Open AccessA Novel, Universal and Sensitive Lateral-Flow Based Method for the Detection of Multiple Bacterial Contamination in Platelet Concentrations
Author(s) -
Jidong Wang,
Xiaohui Wang,
Yuan Li,
Shaoduo Yan,
Qianqian Zhou,
Bo Gao,
Jianchun Peng,
Juan Du,
Qiuxia Fu,
Shuaizheng Jia,
Juankun Zhang,
Linsheng Zhan
Publication year - 2012
Publication title -
analytical sciences
Language(s) - English
Resource type - Journals
SCImago Journal Rank - 0.392
H-Index - 73
eISSN - 1348-2246
pISSN - 0910-6340
DOI - 10.2116/analsci.28.237
Subject(s) - dipstick , detection limit , chemistry , amplicon , nucleic acid , bacteria , microbiology and biotechnology , polymerase chain reaction , chromatography , fluorescein isothiocyanate , 16s ribosomal rna , genomic dna , contamination , nucleic acid detection , dna , fluorescence , biochemistry , biology , gene , genetics , urine , physics , ecology , quantum mechanics
In the present study, we aimed to develop a nucleic acid lateral-flow method for the rapid and sensitive detection of multiple bacteria that contaminate platelet concentrations (PCs).
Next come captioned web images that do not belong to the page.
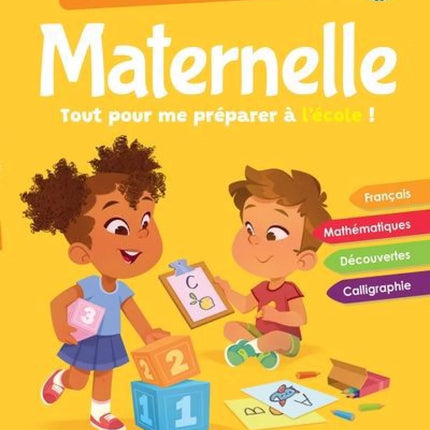 Je réussis ma maternelle - Tout pour me préparer à l'école!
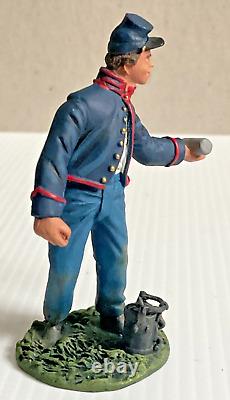 Britains Union Artillery Set #2 Loading Canister 4 man crew US Civil War #31056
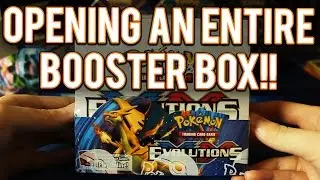 Pokemon Cards - Opening An ENTIRE XY Evolutions Booster BOX! (Pack Battle vs. Leonheart54)
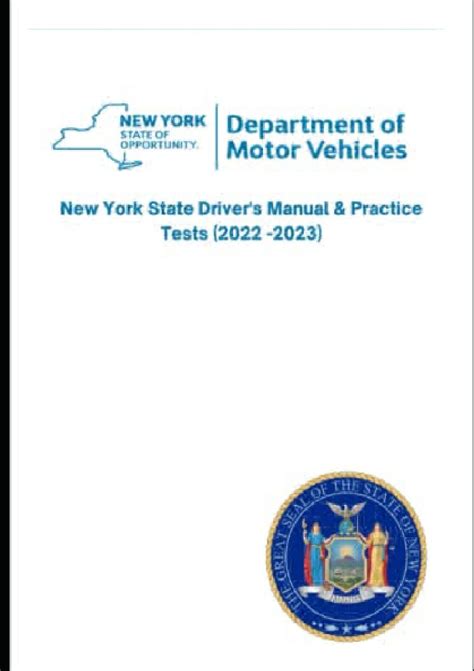 New York State Driver's Manual and Practice Tests 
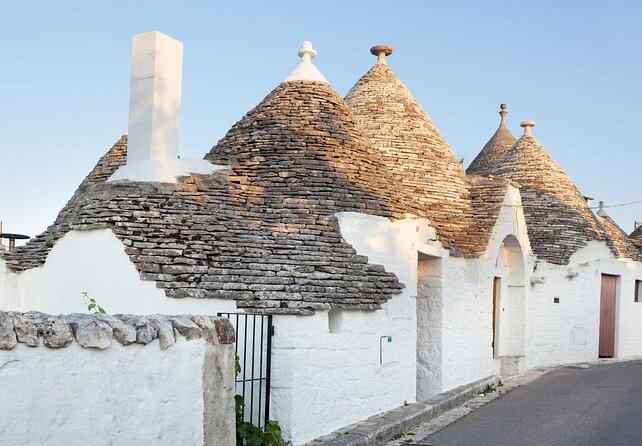 Cultural and Gastronomic Tour in Alberobello - Key Points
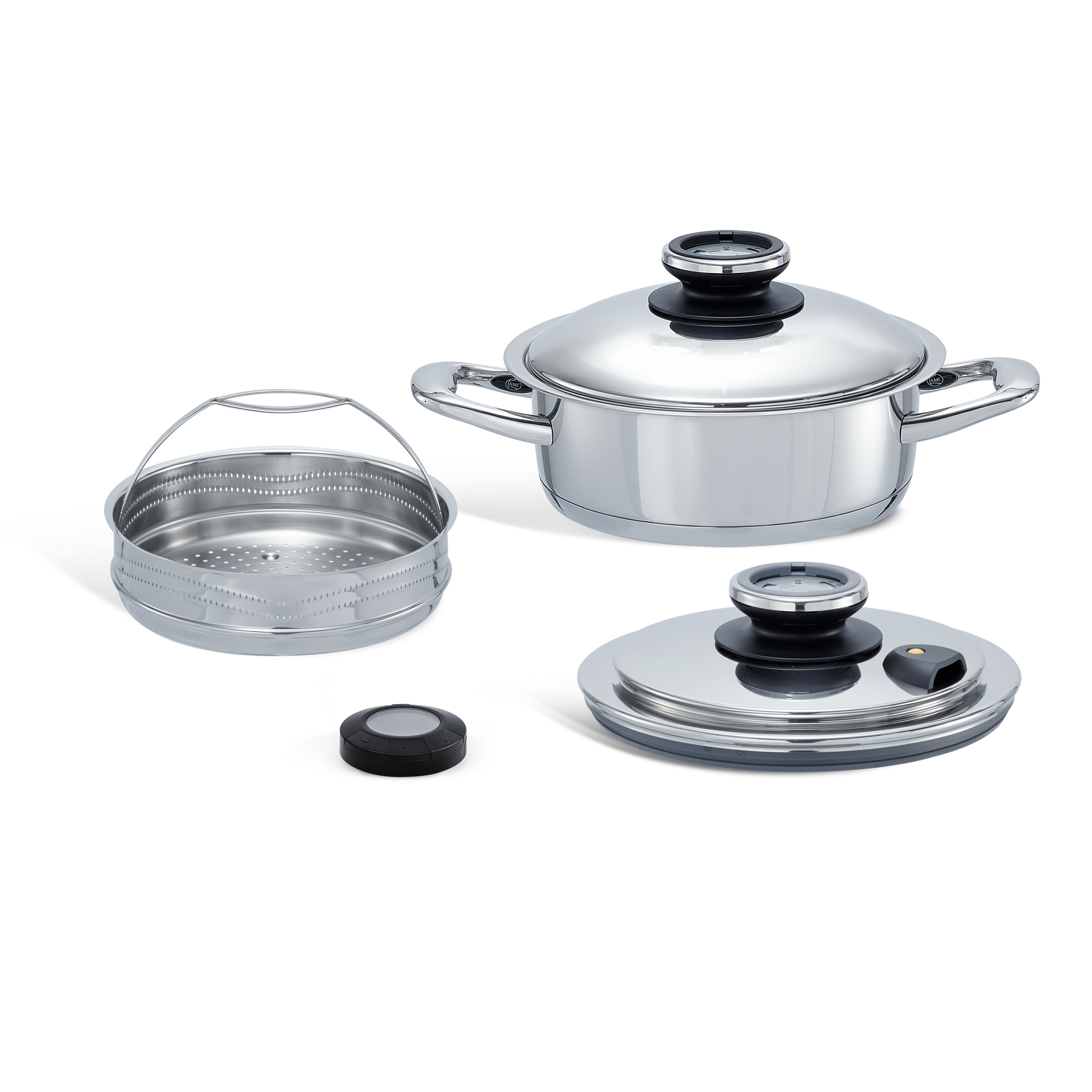 A by AMC - Pure Steam Cookware Set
Polymerase chain reaction (PCR) amplicons were produced by a set of board-range primers that recognize the conserved region of bacteria 16S rDNA, followed by hybridization with both an FITC (fluorescein isothiocyanate)-labelled probe and biotin-labelled probe, and then a nucleic acid lateral-flow dipstick (LFD) assay. The LFD accurately identified 7 species of bacteria, but had no cross-reactivity with human genomic DNA. The limit of detection (LOD) of the LFD assay was as low as 10(1) copies/µL of 16S rDNA for plasmid. In the case of spiked PCs without enrichment, the detection limit of LFD for K. pneumonia was 5 CFU/mL, 6.5 × 10(4) CFU/mL for the S. epidermidis and 35 CFU/mL for P. aeruginosa.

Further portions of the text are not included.